#### What needs to be done:
Every line below from the one containing "Robert August of" through the one containing "43 Golfview Road" is to be printed exactly, with the pictures omitted.

#### Exercise material:
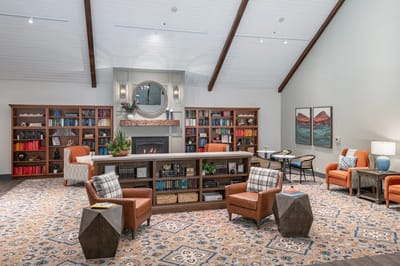 Comfortable common area with bookshelves and seating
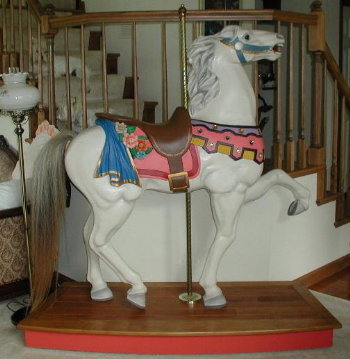 This is 'Spirit' our first life-size carousel horse. Look on the stairs for the Westie Kids, Abby's 2 steps above Nicky! 'Spirit' was hand-carved in 1985 by carousel artist, Robert Curley of Mt. Healthy, Ohio. My husband, Alan, created the lovely base!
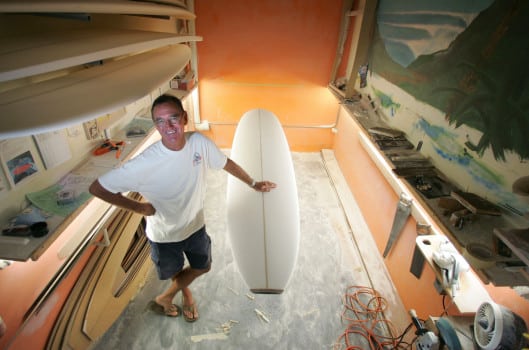 Robert August of Get Out and Surf with a surfboard at Witchs Rock Surf Camp.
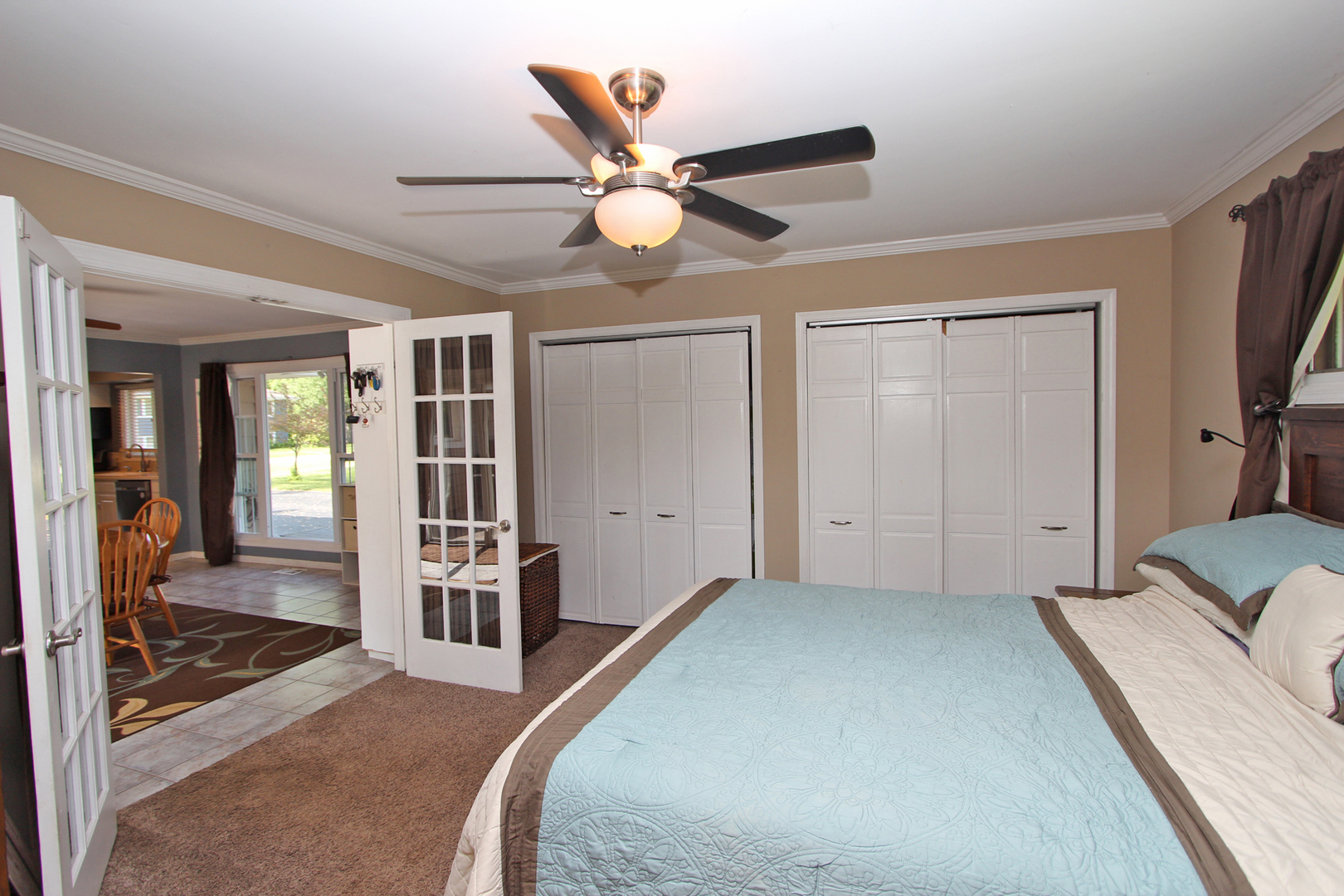43 Golfview Road Lake Zurich, IL 60047 - Photo 17 of 35 a bedroom with furniture and a large window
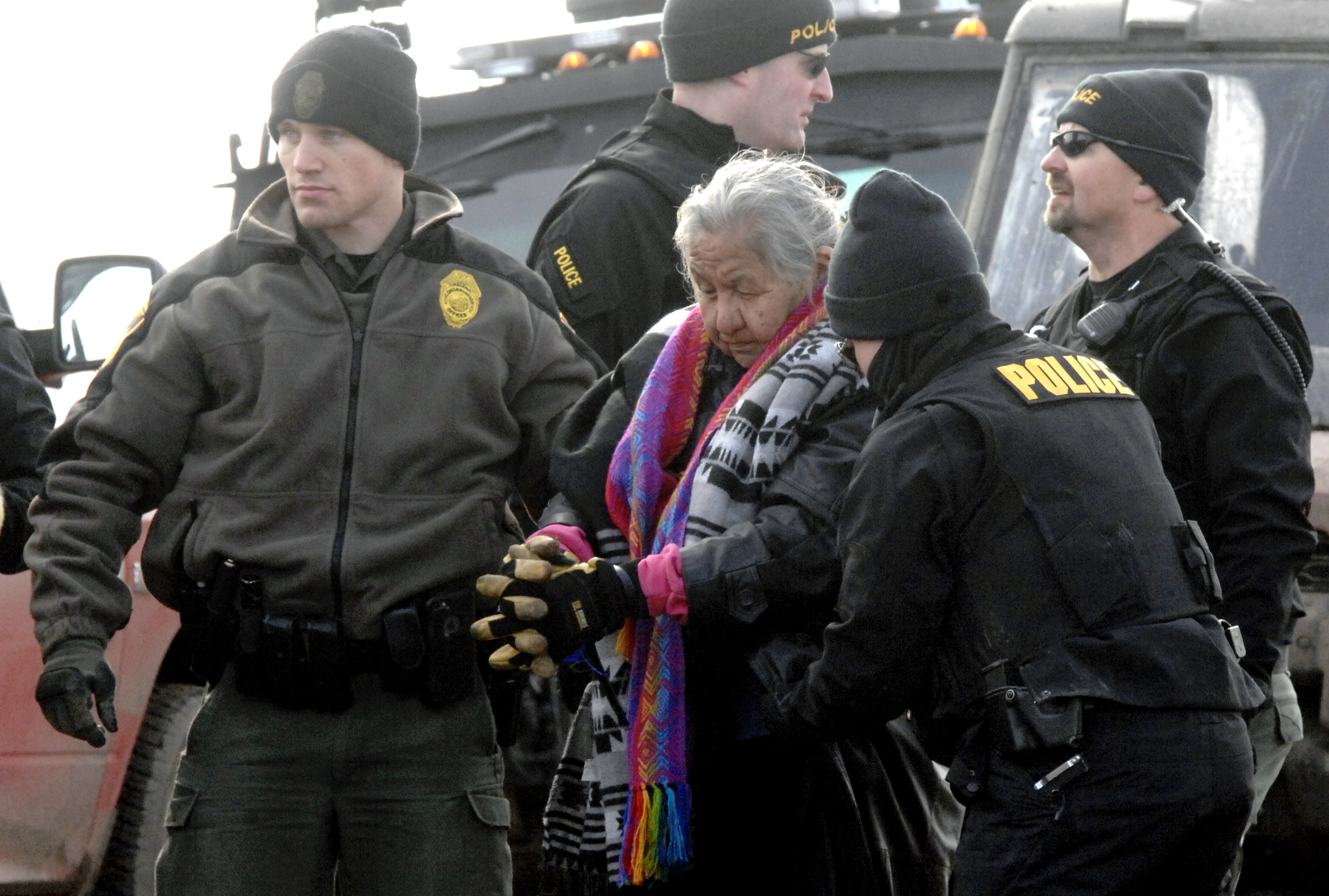 An elderly woman is escorted to a transport van after being arrested by law enforcement as part of the final sweep of the Dakota Access pipeline protesters. (CREDIT: Mike McCleary/The Bismarck Tribune via AP, Pool)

#### Answer to this problem:
 Robert August of Get Out and Surf with a surfboard at Witchs Rock Surf Camp.
43 Golfview Road Lake Zurich, IL 60047 - Photo 17 of 35 a bedroom with furniture and a large window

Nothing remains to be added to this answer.